Rural locality in Lviv Oblast, Ukraine

Novi Strilyshcha (Нові Стрілища; Strzeliska Nowe; סטרעליסק) is a rural settlement in Lviv Raion, Lviv Oblast, western Ukraine. It belongs to Bibrka urban hromada, one of the hromadas of Ukraine. Its local government is administered by Novi Strilyshcha settlement council. Population:

==History==
The first written mention of which dates from the year 1375, still just Strilyshcha (now the village of Stari Strilyshcha) who were on the verge of a border settlement between Galician and Zvenyhorod principalities.

In 1513, new settlement was separated from Strilyshcha and named Novi Strilyshcha. Thanks to the convenient location on the trade route from Bibrka to Rohatyn town began to grow, getting the right to hold four annual fairs and weekly markets. In the 17th century Novi Strilyshcha even enjoyed municipal rights.

During the Soviet era to 1959, were subregional center in Drohobych Oblast.

Up to now there have preserved the 17th-century church and the Church of the Assumption of the Blessed Virgin. Nearby the village is a museum of the Ukrainian Insurgent Army (UPA), dedicated to hundreds of Siromantsi (a unit of the UPA) and specially to a native of Strilyshcha, Mykola Lebed.

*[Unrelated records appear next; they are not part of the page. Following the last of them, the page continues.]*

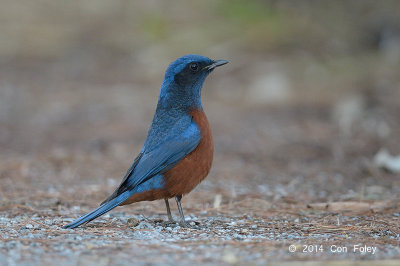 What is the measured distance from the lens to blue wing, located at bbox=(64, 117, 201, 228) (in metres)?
4.58

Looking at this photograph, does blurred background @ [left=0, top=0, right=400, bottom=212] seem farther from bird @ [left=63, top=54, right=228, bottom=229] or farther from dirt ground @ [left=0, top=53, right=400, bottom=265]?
bird @ [left=63, top=54, right=228, bottom=229]

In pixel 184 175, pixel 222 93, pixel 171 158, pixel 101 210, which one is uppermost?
pixel 222 93

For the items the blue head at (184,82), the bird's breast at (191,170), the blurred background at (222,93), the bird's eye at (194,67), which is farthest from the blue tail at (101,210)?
the bird's eye at (194,67)

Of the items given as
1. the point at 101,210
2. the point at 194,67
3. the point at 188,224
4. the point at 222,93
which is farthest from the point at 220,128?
the point at 101,210

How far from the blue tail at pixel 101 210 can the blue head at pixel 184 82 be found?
1.00 meters

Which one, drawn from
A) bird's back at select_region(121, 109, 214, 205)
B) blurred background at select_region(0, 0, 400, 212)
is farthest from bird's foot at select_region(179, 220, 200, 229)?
blurred background at select_region(0, 0, 400, 212)

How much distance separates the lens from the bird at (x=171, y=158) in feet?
15.1

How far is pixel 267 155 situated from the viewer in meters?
7.88

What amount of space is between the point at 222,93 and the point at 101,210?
777 centimetres

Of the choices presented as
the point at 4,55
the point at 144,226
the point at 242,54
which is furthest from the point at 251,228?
the point at 4,55

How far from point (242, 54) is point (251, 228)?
8788mm

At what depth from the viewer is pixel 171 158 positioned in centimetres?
475

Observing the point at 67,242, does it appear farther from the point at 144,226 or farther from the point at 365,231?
the point at 365,231

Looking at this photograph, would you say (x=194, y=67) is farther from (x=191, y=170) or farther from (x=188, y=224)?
(x=188, y=224) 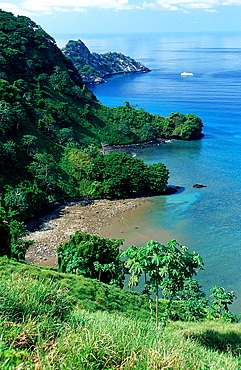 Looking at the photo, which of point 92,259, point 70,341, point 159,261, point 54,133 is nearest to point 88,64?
point 54,133

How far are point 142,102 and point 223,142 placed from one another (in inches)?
1748

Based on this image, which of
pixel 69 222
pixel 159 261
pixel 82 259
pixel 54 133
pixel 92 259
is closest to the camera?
pixel 159 261

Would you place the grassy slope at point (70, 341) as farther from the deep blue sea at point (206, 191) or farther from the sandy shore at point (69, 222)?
the sandy shore at point (69, 222)

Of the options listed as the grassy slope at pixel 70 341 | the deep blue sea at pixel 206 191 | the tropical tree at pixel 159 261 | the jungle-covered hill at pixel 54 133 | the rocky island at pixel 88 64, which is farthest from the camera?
the rocky island at pixel 88 64

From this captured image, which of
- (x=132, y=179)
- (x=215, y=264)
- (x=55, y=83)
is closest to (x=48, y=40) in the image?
(x=55, y=83)

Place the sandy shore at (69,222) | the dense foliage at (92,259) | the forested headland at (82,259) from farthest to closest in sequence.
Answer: the sandy shore at (69,222) < the dense foliage at (92,259) < the forested headland at (82,259)

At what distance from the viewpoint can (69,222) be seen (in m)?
39.6

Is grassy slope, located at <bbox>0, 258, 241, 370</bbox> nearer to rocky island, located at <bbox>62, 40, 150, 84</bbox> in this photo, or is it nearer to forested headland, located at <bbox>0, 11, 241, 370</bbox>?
forested headland, located at <bbox>0, 11, 241, 370</bbox>

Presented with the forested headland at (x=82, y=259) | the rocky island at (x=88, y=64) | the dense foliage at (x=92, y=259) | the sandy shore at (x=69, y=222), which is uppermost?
the rocky island at (x=88, y=64)

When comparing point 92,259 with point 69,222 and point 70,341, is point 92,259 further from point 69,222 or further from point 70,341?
point 70,341

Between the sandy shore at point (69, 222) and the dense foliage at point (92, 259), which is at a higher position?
the dense foliage at point (92, 259)

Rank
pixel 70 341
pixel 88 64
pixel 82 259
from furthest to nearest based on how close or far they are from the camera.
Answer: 1. pixel 88 64
2. pixel 82 259
3. pixel 70 341

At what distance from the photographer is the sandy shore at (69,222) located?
33406mm

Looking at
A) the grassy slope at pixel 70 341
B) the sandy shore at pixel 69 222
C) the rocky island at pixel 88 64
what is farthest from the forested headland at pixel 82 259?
the rocky island at pixel 88 64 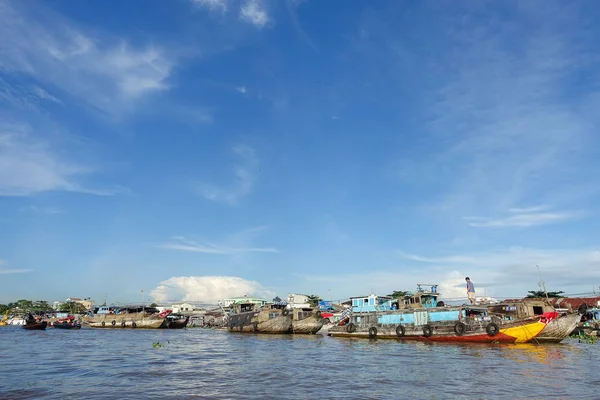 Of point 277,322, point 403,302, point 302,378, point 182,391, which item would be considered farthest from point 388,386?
point 277,322

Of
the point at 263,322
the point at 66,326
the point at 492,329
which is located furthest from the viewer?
the point at 66,326

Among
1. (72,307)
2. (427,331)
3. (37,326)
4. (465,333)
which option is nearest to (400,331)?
(427,331)

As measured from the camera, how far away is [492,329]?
100ft

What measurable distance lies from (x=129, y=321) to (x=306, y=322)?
35798mm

Until 18 July 2020, Novi Strilyshcha belonged to Zhydachiv Raion. The raion was abolished in July 2020 as part of the administrative reform of Ukraine, which reduced the number of raions of Lviv Oblast to seven. The area of Zhydachiv Raion was merged into Stryi Raion, however, Novi Strilyshcha was transferred to Lviv Raion.

Until 26 January 2024, Novi Strilyshcha was designated urban-type settlement. On this day, a new law entered into force which abolished this status, and Novi Strilyshcha became a rural settlement.